As Article 19 of the Universal Declaration of Human Rights states,

Everyone has the right to freedom of opinion and expression; this right includes freedom to hold opinions without interference and to seek, receive and impart information and ideas through any media and regardless of frontiers.

This obligation is reiterated in the International Covenant on Civil and Political Rights, which the U.S.  ratified in 1992. In its general comment on the importance of this provision of the ICCPR, the Human Rights Committee of the UN noted in 2011,

A free, uncensored and unhindered press or other media is essential in any society for the ensuring of freedom of opinion and expression and the enjoyment of other Covenant rights. It constitutes one of the cornerstones of a democratic society. The Covenant embraces a right to receive information on the part of the media as a basis on which they can carry out their function. The free communication of information and ideas about public and political issues between citizens, candidates and elected representatives is essential. This implies a free press and other media able to comment on public issues without censorship or restraint and to inform public opinion.
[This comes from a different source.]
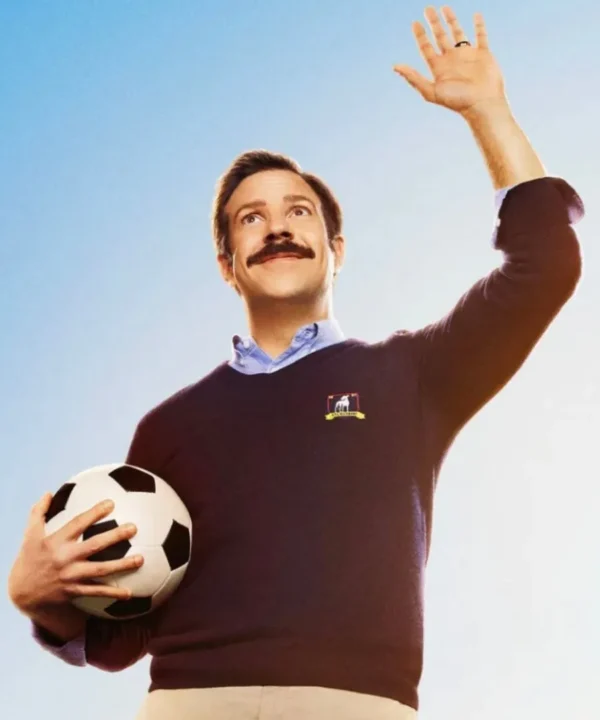 Ted Lasso Jason Sudeikis Blue Sweater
Pursuant to article 19, the public also has the right to receive information as a corollary to the specific function of any journalist to impart information.

Just last week, the U.S. government reaffirmed its commitment to these principles at the OSCE media freedom seminar in Warsaw.

“Underlying our OSCE commitments on media freedom are Article 19 of the UN Universal Declaration on Human Rights and our obligations under Article 19 of the International Covenant on Civil and Political Rights as enshrined in the Helsinki Final Act to respect the fundamental freedom of expression,” said the State Department’s Sabeena Rajpal, representing the U.S. delegation at the seminar. “This fundamental freedom is the birthright of every human being; it is inherent in the individual and not for governments to dole out or deny as they see fit.”

“Our OSCE commitments require participating States to ensure that their laws will conform to their international legal obligations,” she added.

If the United States is serious about these commitments, it would do well to halt its attacks on press freedom. If the attacks continue, the U.S. finds itself in increasing danger of becoming a full-blown “totalitarian security surveillance state,” in the words of former New York Times reporter Chris Hedges.